"The question to be determined," he said, "is not one of sentiment, but of law. Briefly stated it is this: Whether the statute of Charles II, Chapter 24, Section 8, is in force in this District to the extent that the father of infant children may be deed or will transfer their exclusive custody and control to a guardian, regardless of the fact that the mother, his wife, may be competent, willing, and in all respects qualified to maintain, educate, and train them properly.

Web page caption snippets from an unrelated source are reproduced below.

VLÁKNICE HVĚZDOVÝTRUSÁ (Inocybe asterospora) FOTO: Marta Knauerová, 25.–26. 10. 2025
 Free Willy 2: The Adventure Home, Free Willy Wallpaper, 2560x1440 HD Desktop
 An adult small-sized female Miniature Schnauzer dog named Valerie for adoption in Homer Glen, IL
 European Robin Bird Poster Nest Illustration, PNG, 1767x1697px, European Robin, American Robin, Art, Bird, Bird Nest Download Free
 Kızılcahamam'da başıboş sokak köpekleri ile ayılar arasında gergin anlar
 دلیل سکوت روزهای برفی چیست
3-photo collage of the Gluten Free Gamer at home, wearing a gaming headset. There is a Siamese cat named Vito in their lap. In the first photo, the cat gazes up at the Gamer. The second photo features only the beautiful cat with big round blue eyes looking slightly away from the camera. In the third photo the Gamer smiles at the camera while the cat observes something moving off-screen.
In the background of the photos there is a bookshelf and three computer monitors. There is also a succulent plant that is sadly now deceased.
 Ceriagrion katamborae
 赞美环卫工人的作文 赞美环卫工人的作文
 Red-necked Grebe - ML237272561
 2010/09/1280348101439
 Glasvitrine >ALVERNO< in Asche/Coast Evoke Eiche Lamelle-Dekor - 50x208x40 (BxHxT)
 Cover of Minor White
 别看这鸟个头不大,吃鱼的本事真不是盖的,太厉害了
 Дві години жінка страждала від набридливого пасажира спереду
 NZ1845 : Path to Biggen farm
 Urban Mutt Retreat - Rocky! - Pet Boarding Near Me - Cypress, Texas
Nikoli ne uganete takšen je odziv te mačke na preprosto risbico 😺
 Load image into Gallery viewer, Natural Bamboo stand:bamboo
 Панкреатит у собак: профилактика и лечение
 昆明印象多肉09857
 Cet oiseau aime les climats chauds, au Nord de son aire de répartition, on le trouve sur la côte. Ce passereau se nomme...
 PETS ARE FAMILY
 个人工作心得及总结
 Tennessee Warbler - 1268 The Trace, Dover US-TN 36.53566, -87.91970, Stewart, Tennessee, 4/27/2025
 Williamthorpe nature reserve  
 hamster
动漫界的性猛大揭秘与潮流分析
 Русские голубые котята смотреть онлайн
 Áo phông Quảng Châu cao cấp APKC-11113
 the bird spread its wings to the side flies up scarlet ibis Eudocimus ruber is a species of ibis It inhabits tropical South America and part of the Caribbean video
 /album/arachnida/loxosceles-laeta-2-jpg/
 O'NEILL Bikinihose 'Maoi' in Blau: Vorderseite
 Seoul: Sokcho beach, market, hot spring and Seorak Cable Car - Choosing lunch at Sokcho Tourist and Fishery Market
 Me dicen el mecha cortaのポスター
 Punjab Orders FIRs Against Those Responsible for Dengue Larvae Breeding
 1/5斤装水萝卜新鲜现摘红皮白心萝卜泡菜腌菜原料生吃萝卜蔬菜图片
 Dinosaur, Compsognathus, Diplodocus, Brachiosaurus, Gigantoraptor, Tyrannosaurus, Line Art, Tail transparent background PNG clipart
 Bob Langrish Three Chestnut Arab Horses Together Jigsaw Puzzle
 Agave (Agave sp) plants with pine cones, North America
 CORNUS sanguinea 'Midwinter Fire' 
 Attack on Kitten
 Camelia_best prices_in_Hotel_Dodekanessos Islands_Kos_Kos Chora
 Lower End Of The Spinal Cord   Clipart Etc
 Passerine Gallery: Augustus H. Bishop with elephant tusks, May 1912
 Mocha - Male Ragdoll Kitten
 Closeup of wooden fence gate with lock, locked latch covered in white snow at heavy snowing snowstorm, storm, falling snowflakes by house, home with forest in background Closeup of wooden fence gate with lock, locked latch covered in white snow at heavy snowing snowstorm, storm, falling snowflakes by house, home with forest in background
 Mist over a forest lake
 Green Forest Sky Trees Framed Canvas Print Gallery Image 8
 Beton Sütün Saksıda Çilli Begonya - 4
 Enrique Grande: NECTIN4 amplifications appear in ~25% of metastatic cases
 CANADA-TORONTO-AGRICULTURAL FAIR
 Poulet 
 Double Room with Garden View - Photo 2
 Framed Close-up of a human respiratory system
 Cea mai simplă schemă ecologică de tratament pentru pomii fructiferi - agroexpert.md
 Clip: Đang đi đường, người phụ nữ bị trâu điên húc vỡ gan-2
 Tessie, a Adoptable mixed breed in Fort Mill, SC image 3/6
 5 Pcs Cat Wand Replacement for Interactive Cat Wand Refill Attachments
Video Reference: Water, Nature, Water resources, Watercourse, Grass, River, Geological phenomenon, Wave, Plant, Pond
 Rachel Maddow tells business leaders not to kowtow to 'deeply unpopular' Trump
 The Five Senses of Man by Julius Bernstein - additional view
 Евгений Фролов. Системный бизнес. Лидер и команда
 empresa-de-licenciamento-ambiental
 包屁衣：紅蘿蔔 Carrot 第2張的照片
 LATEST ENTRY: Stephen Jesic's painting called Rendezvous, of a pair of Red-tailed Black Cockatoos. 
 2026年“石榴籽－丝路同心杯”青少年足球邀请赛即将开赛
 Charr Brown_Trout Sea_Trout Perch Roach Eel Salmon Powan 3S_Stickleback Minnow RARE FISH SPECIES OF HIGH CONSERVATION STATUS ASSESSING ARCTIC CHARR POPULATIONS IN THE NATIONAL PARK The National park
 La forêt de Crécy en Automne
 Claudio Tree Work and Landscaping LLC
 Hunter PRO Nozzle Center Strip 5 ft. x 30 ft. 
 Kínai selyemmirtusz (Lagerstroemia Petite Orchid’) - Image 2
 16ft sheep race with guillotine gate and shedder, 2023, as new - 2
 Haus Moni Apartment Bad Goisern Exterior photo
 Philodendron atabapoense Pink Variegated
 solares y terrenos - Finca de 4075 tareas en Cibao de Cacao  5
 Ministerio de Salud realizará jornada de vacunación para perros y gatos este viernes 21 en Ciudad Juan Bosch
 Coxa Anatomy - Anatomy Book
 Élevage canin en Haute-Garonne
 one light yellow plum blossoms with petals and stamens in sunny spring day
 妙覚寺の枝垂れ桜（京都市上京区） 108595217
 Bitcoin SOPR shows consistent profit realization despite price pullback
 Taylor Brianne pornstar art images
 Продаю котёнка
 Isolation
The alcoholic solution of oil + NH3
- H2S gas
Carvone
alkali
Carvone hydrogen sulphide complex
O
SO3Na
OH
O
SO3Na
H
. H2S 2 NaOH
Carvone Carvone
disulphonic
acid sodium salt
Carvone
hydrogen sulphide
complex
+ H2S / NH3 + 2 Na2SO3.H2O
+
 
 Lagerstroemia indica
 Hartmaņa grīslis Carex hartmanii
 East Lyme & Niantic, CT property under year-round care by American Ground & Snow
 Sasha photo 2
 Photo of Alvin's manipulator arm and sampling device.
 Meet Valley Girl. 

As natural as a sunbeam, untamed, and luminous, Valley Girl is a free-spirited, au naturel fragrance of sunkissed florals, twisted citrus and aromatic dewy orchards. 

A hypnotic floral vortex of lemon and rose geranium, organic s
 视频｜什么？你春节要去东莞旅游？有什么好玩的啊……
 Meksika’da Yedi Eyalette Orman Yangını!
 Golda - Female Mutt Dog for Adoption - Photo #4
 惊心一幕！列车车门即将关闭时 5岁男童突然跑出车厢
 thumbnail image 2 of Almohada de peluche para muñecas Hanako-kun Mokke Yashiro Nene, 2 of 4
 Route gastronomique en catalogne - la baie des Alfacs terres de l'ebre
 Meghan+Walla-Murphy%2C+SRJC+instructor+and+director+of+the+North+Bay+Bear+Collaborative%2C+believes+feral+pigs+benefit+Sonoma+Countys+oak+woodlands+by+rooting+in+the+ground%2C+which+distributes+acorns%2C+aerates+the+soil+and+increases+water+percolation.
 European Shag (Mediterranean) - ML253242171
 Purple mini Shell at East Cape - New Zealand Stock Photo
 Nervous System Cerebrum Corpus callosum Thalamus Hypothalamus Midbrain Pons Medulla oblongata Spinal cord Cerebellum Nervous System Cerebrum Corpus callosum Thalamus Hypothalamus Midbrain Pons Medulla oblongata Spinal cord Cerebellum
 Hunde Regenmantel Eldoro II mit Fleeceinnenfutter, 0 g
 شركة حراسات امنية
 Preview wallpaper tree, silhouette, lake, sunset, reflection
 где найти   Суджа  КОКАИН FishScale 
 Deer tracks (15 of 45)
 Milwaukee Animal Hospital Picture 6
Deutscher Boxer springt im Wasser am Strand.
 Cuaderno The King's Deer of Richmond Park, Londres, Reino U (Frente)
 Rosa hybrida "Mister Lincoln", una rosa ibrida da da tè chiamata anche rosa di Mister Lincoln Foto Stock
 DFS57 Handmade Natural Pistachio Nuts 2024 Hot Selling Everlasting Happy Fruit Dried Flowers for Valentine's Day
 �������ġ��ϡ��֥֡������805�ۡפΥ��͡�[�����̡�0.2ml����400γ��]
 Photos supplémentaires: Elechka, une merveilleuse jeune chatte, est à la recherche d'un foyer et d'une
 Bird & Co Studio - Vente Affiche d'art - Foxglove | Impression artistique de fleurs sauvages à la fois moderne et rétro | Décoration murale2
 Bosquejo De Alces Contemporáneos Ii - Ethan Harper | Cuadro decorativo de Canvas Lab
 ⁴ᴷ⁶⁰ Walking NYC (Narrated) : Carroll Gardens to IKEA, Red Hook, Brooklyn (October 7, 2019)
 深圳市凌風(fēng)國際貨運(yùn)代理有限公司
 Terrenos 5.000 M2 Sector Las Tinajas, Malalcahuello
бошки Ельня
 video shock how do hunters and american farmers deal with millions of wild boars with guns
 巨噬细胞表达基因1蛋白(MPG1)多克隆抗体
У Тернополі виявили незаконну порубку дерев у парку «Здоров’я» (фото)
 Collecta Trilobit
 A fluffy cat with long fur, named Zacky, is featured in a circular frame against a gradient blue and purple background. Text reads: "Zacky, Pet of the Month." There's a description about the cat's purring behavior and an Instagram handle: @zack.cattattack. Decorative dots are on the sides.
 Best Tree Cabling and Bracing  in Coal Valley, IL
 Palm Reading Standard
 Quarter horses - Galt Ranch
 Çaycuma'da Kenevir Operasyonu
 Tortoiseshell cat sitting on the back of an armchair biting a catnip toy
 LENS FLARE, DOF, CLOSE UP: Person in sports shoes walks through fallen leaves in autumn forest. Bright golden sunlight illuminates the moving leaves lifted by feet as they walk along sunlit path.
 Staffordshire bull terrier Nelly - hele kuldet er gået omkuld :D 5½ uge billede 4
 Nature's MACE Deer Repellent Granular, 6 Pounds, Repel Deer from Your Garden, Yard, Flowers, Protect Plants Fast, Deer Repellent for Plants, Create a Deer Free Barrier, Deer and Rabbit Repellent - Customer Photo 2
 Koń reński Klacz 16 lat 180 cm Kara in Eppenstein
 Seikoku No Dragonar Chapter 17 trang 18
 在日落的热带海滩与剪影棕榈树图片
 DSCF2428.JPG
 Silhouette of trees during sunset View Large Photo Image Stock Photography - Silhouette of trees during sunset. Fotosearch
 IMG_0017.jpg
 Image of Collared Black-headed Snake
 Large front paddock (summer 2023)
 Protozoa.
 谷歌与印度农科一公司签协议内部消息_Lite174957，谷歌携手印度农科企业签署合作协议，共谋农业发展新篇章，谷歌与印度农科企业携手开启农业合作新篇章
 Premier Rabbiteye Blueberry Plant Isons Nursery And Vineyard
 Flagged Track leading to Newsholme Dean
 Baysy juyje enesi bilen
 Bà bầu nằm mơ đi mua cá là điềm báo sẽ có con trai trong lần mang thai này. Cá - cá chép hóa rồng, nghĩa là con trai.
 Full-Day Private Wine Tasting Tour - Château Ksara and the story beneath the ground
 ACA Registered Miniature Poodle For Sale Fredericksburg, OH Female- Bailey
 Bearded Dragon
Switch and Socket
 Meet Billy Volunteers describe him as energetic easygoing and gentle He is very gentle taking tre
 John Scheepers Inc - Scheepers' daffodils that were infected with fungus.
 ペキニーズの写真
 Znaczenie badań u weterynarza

"There has been, both in and out of court, a good deal of sentimental declamation indulged in, in regard to this statute, and it has been reprobated as being in conflict with the natural rights of the mother, and in conflict with the present civilization of the people. But while it is sufficient to say that courts of justice, and especially of common law, are not at liberty to disregard the statute and act upon any mere feeling of repugnance to it, we must bear in mind that this statute of Charles II has been in force in England for more than two centuries, and that it is still in force there, and has stood the test of English civilization, with the slight modification," he went on to explain, "that the chancellor or master of the rolls may, upon petition of the mother, where the infant is within the age of seven years, order that such infant shall be delivered to and remain in the custody of the mother until attaining the age of seven; provided the mother be a fit and proper person to have the custody of the infant.
"There may be reasons," he continued, "why the wife should not be selected as the guardian of the child. In the first place the father, as the head of the family and the responsible one has the right to say who should have the training of his children."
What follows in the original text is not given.